Around six months ago I saw diamond plate going up on a renovated wall at 195 Calyer street, just east of Manhattan avenue. I wrote it off at the time as simply the ugliest siding I had yet seen in a neighborhood that knows its ugly siding.

Katie Garcia, general manager at Captured Tracks records, swears that while their wooden sign may hang over it the label had nothing to do with the diamond plate. Seeing the shop and offices a few steps below it – a bit more tasteful on the whole – I’m inclined to believe her.

The more musically aware among us may know that Greenpoint is host to a thriving community of smaller music labels, among which Captured Tracks has existed for about five years now. Katie, in telling the story of how label owner Mike Sniper made his transition from working at Academy Records to operating CT out of warehouse space behind Co-op 87 with Mexican Summer to running an independently thriving business, certainly makes it sound like the rising tide of local music, along with the vinyl resurgence, has lifted all boats. The stories of the people and labels working to bring us some of the best new music lately are tightly intertwined, and successful on the whole.
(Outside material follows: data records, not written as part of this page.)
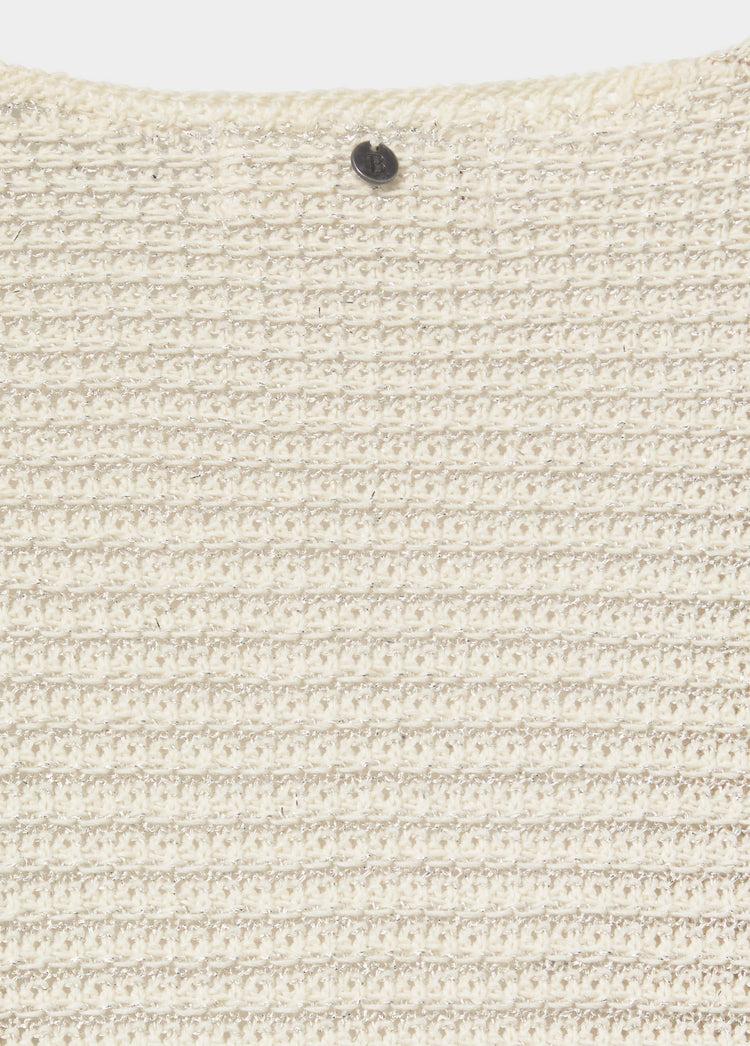 Crossed knit jacket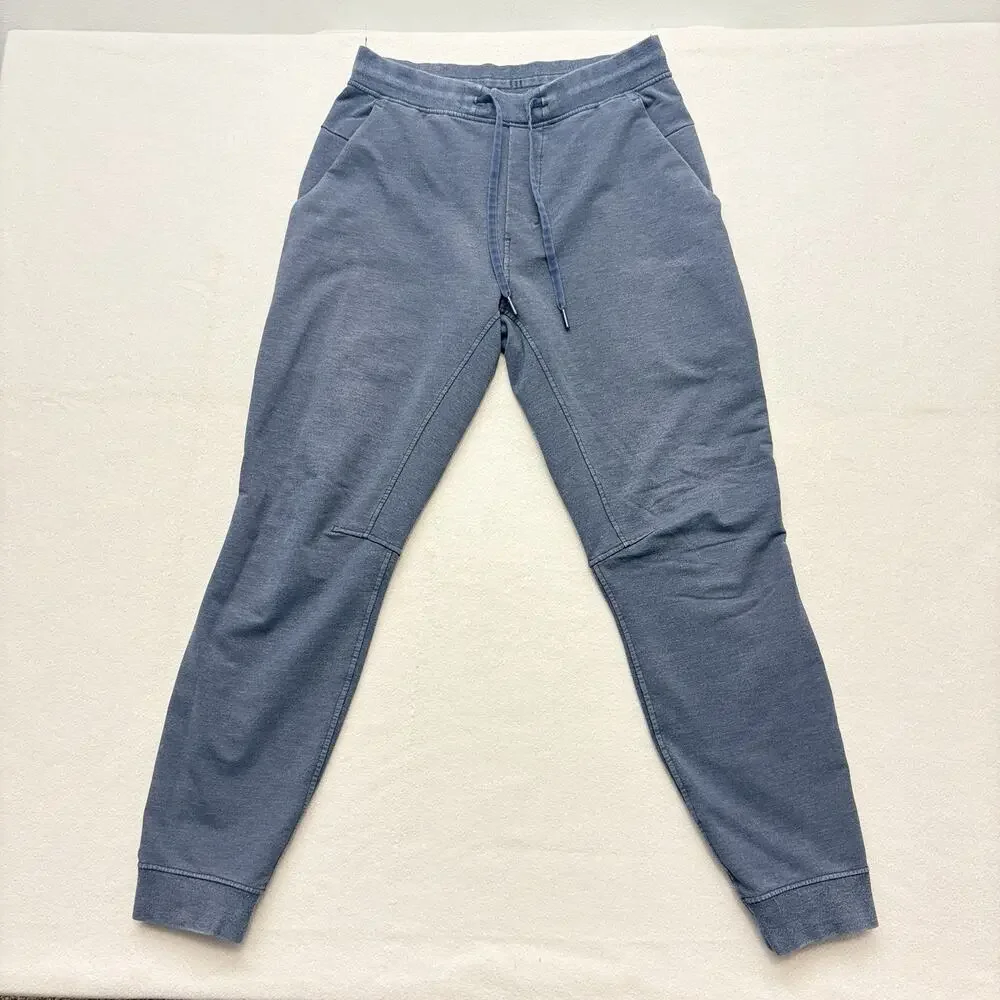 Lululemon Pants City Sweat Jogger 29” Sweatpants (2) Orange & Navy Mens Size M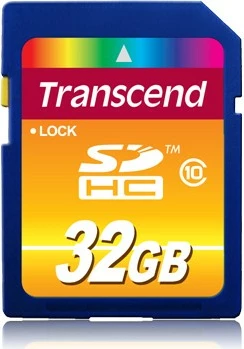 SD kartelë Transcend 32GB SDHC Class 10, e zezë
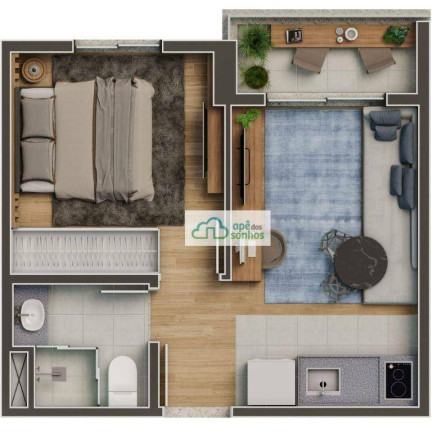 Imagem Studio com 1 Quarto para Alugar, 28 m² em água Branca - São Paulo Imagem Studio com 1 Quarto para Alugar, 28 m² em água Branca - São Paulo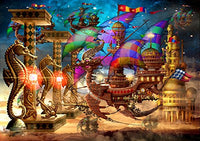 The Fleet Has Arrived poster print by Ciro Marchetti, colorful and imaginative artwork.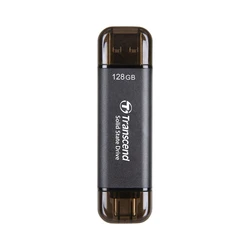 Transcend SSD ESD310C 128GB USB-C USB 3.2 Gen 2x1 Μαύρο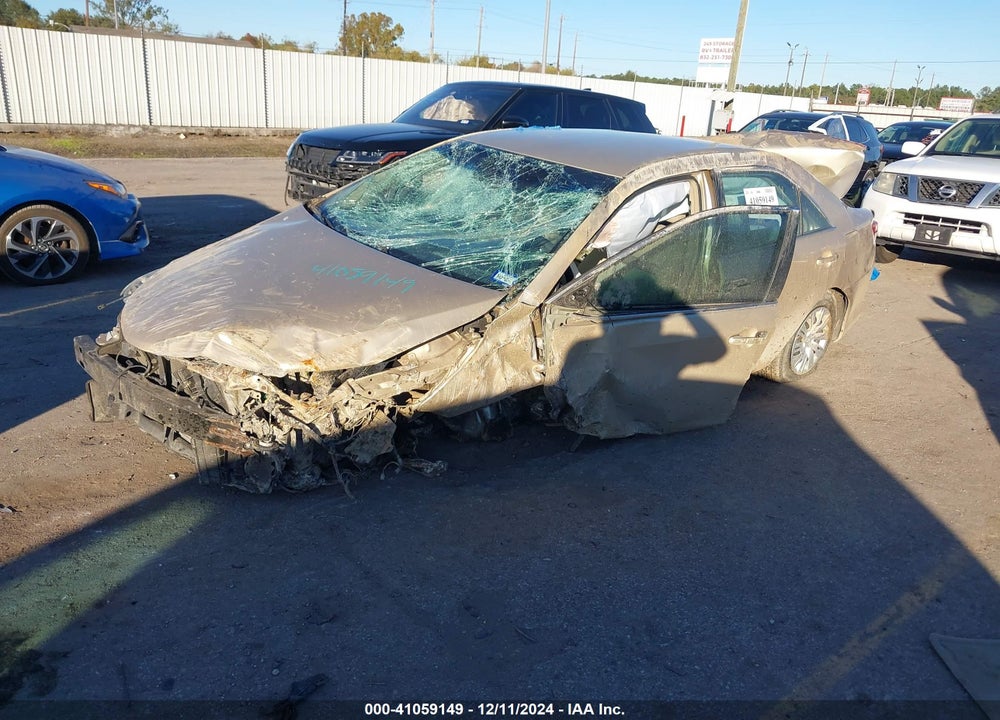 2012 TOYOTA CAMRY VIN: 4T4BF1FK2CR160899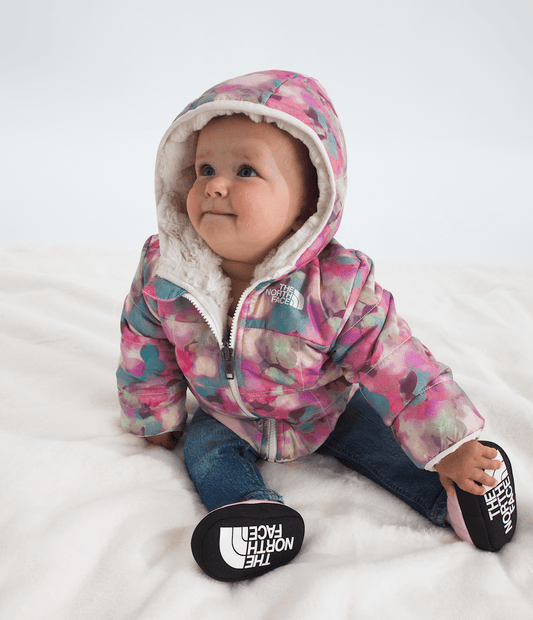 Baby Girls’ Reversible Shasta Full-Zip Hooded Jacket—Print - The North Face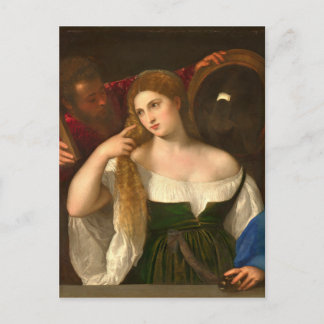 Titiaan - Vrouwen met een spiegel Briefkaart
Captured Tracks now finds itself opening a retail shop that, unsurprisingly, tightly represents the priorities and individual tastes of the people running it. In addition to a very modestly-priced, well-organized selection of used and new records and a great cassette listening section, CT’s shop offers its own catalog: Their primary artists represent a wide variety of genres, from the synth-heavy, electronic Soft Metals to the guitar-driven, pop-inspired Alex Calder. The life of the label is their willingness to take a chance on untested artists, putting interesting songwriting ahead of production quality in their assessment of incoming demos. As a fascinating side project, they also unearth and re-release shoegaze albums – since the genre came about in the mid 1990s at the zenith of the CD, they’re putting much of this music on vinyl for the first time. A strong following has formed around them as the resurrectionists of shoegaze, and this coming year will see rereleases from Alison’s Halo, Blueshift Signal, and the rare Israeli group Plastic Venus.

When not spending whole days listening to demo tapes or trawling through estate sales, the staff of Captured Tracks -largely comprised of Greenpoint residents- mange et boit at Le Gamin on Franklin, going so far as having them cater Katie’s upcoming wedding. I think it’s a good extension of the comfortable, secure feeling of the label and store itself that, when asked for their favorite place to go out in the neighborhood, the answer was the relaxed, all-hours French bistro rather than a loud bar.